The development of a distinct crystal shape of an accessory zircon is strongly influenced by the chemical composition of the generating melt (e.g. Caruba, 1975; Pupin, 1980; Vavra, 1990; Benisek and Finger, 1993). Therefore zircon morphology and typology studies are commonly used for petrogenetic investigations. Pupin and Turco (1972) established a method for the statistical evaluation of distinct crystal shape types. This method is based mainly upon the relative sizes of two prism faces ({110} and {100}) and two pyramidal faces ({211] and {101}) respectively. The distinct crystal shape types are plotted in a typological grid commonly known as the "Pupin-diagram" (Pupin and Turco, 1972; Pupin, 1980).
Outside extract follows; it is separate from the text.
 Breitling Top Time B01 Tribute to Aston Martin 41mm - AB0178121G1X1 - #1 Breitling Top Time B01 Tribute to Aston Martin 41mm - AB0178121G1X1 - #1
Using the statistical evaluation of the external shape types of zircon populations, however, only the latest stage of zircon crystallisation is observable. Using the cathodoluminescence technique the internal structures (growth zoning) of zircons can be studied. Combined cathodoluminescence investigation of sections oriented parallel and perpendicular to the zircon-c-axis through the center of the crystals, enables the reconstruction of internal evolutionary trends of the crystal shape. Plotted as "tracks" in the common PUPIN-diagram of zircon typology these trends can help to elucidate the magma evolution during zircon crystallisation.
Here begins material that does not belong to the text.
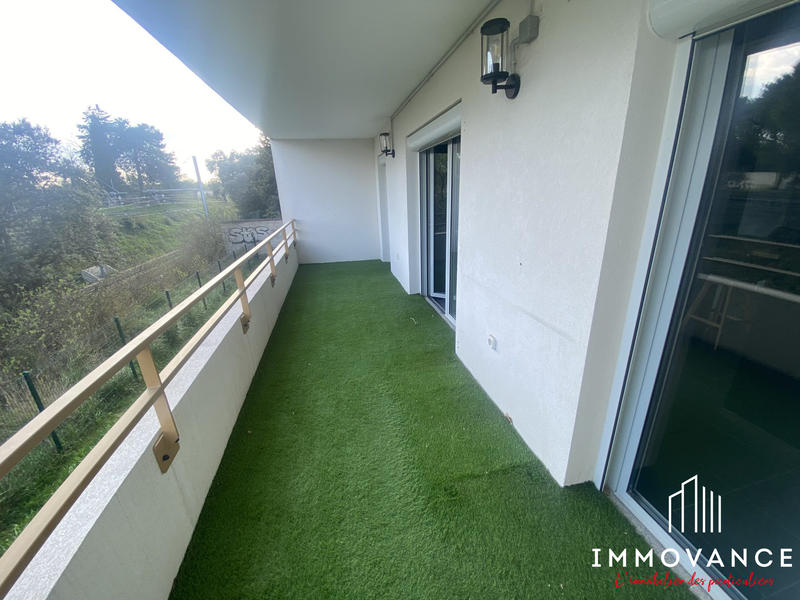 Appartement - 60 m² - 2 pièces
The described method was applied to several magmatic rock types from Austria and Germany. One example is discussed more in detail here: The "K1-Gneiss" of the Felbertal tungsten deposit (Tauern Window, Austria) displays high concentrations of Rb, Cs, U, W, and other elements. According to Eichhorn (1995) these geochemical characteristics can be modelled to be presumably due to extensive contamination of the original K1-magma. Our zircon investigations reveal a jump in the internal evolutionary trend from {100}-dominated to {110}-dominated zircon shape types, while there is no evolution existent regarding the pyramidal faces (both stages are dominated by the {101}-pyramid). These characteristics can be attributed to a significant increase of the U-content according to Benisek and Finger (1993). This points to a quite spontaneous change in melt composition and therefore is a hint for a rather important event in the petrogenetic evolution of the K1-Gneiss protolith. These data do strongly support the model of Eichhorn (1995).
As shown in the example of the K1-Gneiss the internal evolutionary trends of the zircon crystal shape display information about the magma evolution during zircon growth. Events which modify the primary melt composition like contamination, assimilation, fractionation and magma-mixing can become "visible" by zircon investigations. Due to these possibilities zircon investigations can serve as a tool to supplement geochemical studies.
Benisek, A. & Finger, F., Contr. Min. Petr. 114, 441-451 (1993).
Caruba, R., Thesis, 143 pp., Univ. Nice (1975).
Eichhorn, R., Münchner Geologische Hefte 15, 1-78 (1995).
Pupin, J.-P., Contr. Min. Petr. 73, 207-220 (1980).
Pupin, J.-P. & Turco, G., C. R. Acad. Sc. Paris 275, 799-801 (1972).
Vavra, G., Contr. Min. Petr. 106, 90-99 (1990).